References allow us to declare only the subset of parameter values our class cares about and does so without having to make any reference to anything external through it, the class becomes agnostic to the exact provider of the value.
class Portfolio(param.Parameterized):
foreign_value = param.Number()
local_value = param.Number()
taxes_owed = param.Number()
exchange_rate = param.Number(allow_refs=True)
capital_gains = param.Number(allow_refs=True)
@param.depends('foreign_value', 'exchange_rate', watch=True, on_init=True)
def _update_local(self):
self.local_value = self.foreign_value * self.exchange_rate
@param.depends('local_value', 'capital_gains', watch=True, on_init=True)
def _update_taxes(self):
self.taxes_owed = self.local_value * self.capital_gains
portfolio = Portfolio(
foreign_value=12000,
exchange_rate=forex.param.exchange_rate,
capital_gains=tax_schedule.param.capital_gains
)
portfolio
Portfolio(capital_gains=0.25, exchange_rate=1.14, foreign_value=12000, local_value=13679.999999999998, name='Portfolio00012', taxes_owed=3419.9999999999995)

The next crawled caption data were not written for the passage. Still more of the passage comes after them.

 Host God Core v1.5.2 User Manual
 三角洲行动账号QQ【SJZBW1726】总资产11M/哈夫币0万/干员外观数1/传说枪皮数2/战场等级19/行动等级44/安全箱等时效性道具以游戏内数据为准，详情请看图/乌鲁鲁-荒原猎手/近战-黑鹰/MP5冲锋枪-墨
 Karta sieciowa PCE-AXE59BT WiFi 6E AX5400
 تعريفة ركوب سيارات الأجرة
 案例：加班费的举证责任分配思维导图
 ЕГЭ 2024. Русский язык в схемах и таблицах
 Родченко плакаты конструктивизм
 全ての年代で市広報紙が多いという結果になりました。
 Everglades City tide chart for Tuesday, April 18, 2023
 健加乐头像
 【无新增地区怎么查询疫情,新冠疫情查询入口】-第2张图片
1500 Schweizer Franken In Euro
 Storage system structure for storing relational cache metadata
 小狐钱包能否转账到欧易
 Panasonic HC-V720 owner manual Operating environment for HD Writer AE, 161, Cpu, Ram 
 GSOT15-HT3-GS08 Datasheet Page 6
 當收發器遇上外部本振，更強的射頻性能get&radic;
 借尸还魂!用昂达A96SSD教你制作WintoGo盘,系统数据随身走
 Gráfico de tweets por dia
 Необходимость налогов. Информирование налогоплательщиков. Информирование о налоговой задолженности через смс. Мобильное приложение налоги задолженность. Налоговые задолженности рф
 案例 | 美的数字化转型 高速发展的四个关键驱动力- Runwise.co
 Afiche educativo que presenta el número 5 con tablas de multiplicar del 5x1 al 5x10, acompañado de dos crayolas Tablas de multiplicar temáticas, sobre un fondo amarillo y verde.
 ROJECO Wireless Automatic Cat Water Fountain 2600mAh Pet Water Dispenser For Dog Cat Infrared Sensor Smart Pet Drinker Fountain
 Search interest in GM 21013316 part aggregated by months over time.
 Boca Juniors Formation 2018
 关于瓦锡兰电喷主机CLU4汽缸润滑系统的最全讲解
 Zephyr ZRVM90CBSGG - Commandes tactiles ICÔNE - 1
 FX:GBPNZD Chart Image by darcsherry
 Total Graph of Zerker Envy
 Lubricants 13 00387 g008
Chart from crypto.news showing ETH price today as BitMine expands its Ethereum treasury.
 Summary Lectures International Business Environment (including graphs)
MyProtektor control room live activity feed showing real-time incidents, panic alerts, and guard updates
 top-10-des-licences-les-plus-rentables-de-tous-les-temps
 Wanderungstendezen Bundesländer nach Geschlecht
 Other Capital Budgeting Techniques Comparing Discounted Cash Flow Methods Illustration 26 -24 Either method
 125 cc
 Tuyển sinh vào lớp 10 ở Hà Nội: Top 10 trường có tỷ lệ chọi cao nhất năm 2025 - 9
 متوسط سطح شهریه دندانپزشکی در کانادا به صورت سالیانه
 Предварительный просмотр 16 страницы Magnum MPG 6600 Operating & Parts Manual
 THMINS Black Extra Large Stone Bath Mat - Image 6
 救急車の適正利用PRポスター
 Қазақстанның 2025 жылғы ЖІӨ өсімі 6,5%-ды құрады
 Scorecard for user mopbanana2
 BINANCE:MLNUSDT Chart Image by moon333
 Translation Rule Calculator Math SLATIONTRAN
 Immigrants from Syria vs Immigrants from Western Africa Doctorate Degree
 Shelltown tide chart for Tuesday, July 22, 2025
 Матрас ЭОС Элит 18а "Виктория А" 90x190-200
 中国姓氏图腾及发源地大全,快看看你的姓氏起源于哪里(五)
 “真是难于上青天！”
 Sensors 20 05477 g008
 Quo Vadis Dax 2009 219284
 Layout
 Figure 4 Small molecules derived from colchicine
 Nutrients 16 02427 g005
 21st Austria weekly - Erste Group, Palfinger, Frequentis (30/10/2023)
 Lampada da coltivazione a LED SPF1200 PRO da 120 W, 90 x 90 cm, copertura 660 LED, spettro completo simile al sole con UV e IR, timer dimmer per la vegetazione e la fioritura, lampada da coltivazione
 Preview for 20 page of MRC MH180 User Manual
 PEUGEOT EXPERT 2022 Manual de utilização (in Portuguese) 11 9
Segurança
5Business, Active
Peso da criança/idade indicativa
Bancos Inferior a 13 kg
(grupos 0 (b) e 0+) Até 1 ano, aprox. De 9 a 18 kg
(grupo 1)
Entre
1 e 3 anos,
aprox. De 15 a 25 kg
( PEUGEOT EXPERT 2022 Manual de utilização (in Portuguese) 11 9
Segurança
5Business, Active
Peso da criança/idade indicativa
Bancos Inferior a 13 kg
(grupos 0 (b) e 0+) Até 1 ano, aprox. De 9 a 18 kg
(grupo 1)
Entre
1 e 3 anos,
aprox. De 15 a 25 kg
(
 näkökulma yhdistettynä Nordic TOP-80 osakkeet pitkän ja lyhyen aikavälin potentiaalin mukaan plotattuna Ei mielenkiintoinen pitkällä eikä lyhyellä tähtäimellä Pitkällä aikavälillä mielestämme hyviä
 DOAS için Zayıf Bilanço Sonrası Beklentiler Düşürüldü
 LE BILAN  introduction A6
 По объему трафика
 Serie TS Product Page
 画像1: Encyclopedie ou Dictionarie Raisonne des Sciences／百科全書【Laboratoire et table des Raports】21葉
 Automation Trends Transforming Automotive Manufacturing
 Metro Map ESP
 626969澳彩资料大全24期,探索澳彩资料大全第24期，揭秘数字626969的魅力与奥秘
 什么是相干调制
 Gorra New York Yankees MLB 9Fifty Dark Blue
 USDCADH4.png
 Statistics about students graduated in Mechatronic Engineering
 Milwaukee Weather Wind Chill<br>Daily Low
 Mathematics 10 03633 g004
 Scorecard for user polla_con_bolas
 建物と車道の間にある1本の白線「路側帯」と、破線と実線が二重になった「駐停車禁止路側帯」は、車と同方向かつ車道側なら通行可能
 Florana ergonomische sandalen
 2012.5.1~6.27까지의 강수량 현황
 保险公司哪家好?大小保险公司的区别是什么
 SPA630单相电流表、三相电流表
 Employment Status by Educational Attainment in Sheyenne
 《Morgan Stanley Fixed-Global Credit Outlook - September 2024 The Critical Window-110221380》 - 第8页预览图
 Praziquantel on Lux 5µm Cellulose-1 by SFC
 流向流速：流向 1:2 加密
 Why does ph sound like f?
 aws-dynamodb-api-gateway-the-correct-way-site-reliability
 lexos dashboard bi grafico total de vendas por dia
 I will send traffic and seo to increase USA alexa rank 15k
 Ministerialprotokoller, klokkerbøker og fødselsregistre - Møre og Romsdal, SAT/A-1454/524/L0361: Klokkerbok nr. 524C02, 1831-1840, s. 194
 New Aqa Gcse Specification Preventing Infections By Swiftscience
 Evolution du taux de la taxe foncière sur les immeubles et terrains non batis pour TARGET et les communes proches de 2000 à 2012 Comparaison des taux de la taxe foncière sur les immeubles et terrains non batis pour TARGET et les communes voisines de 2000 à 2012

As we have discovered reactive references are a powerful tool not only to link two parameters together but unlock the ability to express a whole host of dynamic behavior through a simple, declarative syntax. The various valid reference types make it possible to everything from using generators to push new updates to a parameter periodically or merely in sequence to expressing complex dependencies between two or more parameters with a simple reactive expression. Lastly, they ensure that you can write composable components without incorporating complex dependencies between objects into your classes themselves.